HAPCUT2 --fragments FRAGMENT_FILE --vcf MERGED_VCF --output HAPLOTYPES

Finally, we prepared our haplotype predictions for neoepiscope neoepitope prediction using neoepiscope:

neoepiscope prep -v MERGED_VCF -c HAPLOTYPES -o PREPPED_HAPLOTYPES

Neoepitope prediction

We predicted neoepitopes of 8-24 amino acids in length with neoepiscope, both accounting for phasing and germline and somatic variants, and not accounting for phasing:

neoepiscope call -b hg19 -c PREPPED_HAPLOTYPES -o OUTPUT_FILE -k 8,24

neoepiscope call -b hg19 -c PREPPED_HAPLOTYPES -o OUTPUT_FILE -k 8,24 --isolate --germline exclude

To determine the effects of phasing on neoepitope prediction, we used the script epitope_count_comparison.py to identify variants unique to/shared between the two neoepitope calling modes.
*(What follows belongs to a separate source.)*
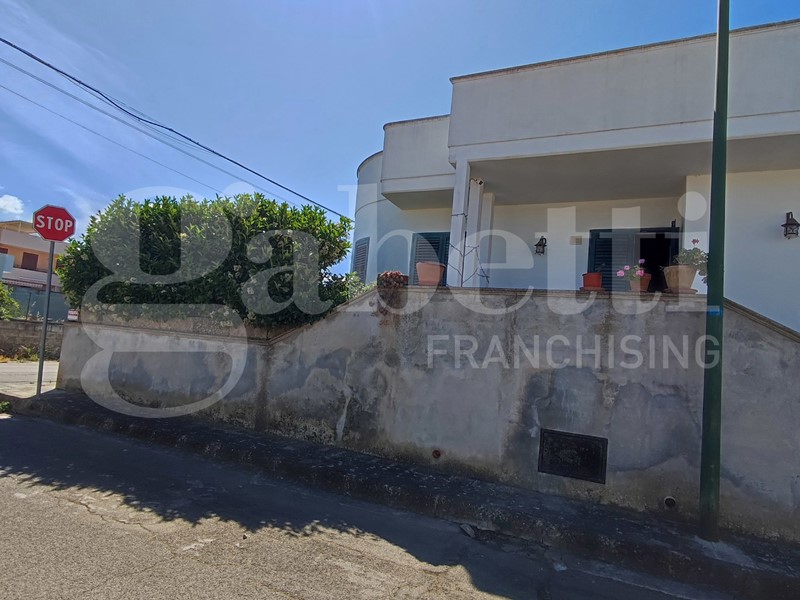 Villa in Vendita a Ugento, 250'000€, 450 m²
The neoepiscope output files should be formatted as PATIENT_ID.TUMOR_ID.neoepiscope.out and PATIENT_ID.TUMOR_ID.neoepiscope.somatic_unphased.out for compatiblity with this script. The output file from this script (phasing_epitope_data.tsv) is processed by phasing_stats.R.

Phasing prevalence

We used a combination of two scripts to analyze phasing. First, we ran phasing_analysis.py to identify instances of variant phasing within 33, 72, or 94 bp across all patients and tumors:

python phasing_analysis.py -o OUTPUT_DIR -n NEOEPISCOPE_DATA_DIR -c HAPLOTYPE_DIR -d 33

python phasing_analysis.py -o OUTPUT_DIR -n NEOEPISCOPE_DATA_DIR -c HAPLOTYPE_DIR -d 72

python phasing_analysis.py -o OUTPUT_DIR -n NEOEPISCOPE_DATA_DIR -c HAPLOTYPE_DIR -d 94

The HAPLOTYPE_DIR is the directory containing the prepped haplotype files from HapCUT2/neoepiscope merge used to predict neoepitopes. For consistency with the script, the naming convention on these files should be PATIENT_ID.TUMOR_SAMPLE_ID.hapcut.out.prepped. The NEOEPISCOPE_DATA_DIR is the directory into which neoepiscope download saves it's data - make sure that you have run the downloader and selected 'yes' to download the hg19 GTF and bowtie index files.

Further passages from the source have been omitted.